LAG Düsseldorf, 11 Sa 1484/13
| Rechtsanwalt Frank Weiß

Ein aufgrund eines Verstoßes gegen die Grundsätze der Europäischen Menschenrechtskonvention (EMRK) erwirkter Wiedereinstellungsanspruch begründet nicht automatisch eine tatsächliche Wiederaufnahme des zuvor gekündigten Beschäftigungsverhältnisses. Maßgeblich sei in jedem Fall eine Abwägung mit dem ebenfalls durch die EMRK geschützten Gut der Rechtssicherheit. So das Urteil des Landesarbeitsgerichts (LAG) Düsseldorf vom 05.06.2014, Az. 11 Sa 1484/13

Zum Sachverhalt: Bei dem Kläger handelte es sich um einen Kirchenmusiker, der seit 1983 bei einer zur katholischen Kirche gehörenden Gemeinde angestellt gewesen war. Diese hatte das Arbeitsverhältnis zum 31. März 1998 gekündigt, weil der seinerzeit noch verheiratete, aber von seiner Gattin getrennte, Ehemann eine außereheliche Beziehung mit einer anderen Frau eingegangen war. Die Scheidung erfolgte erst im August 1998. Die beim Arbeitsgericht (ArbG) Essen und dem LAG Düsseldorf verfolgten Kündigungsschutzklagen des Klägers blieben ebenso erfolglos, wie dessen im Jahr 2000 beim Bundesarbeitsgericht (BAG) eingereichte Restitutionsklage. Auch eine Verfassungsbeschwerde zeitigte keinen Erfolg. 

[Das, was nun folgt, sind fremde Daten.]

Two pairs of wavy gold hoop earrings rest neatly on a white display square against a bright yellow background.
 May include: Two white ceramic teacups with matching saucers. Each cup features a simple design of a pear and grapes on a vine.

Der war allerdings einer Individualbeschwerde beschieden, die der Kläger beim Europäischen Gerichtshof für Menschenrechte (EGMR) einreichte. Hier erkannte die Jury eine Verletzung der Privatsphäre und billigte dem Kläger mit Urteil vom 28.06.2012 eine Entschädigungssumme in Höhe von 40.000 Euro zu. Zugleich sprach der EGMR eine Empfehlung aus, worin der Hoffnung Ausdruck gegeben wurde, dass diese Entscheidung für die Gerichte in Deutschland nicht ohne Folgen bleiben würde. In diesem Zusammenhang monierte der zuständige Richter beim LAG Düsseldorf in einem späteren Verfahren jedoch den Umstand, dass der EGMR mit seiner Empfehlung keine Kriterien für deren Umsetzung gegeben habe.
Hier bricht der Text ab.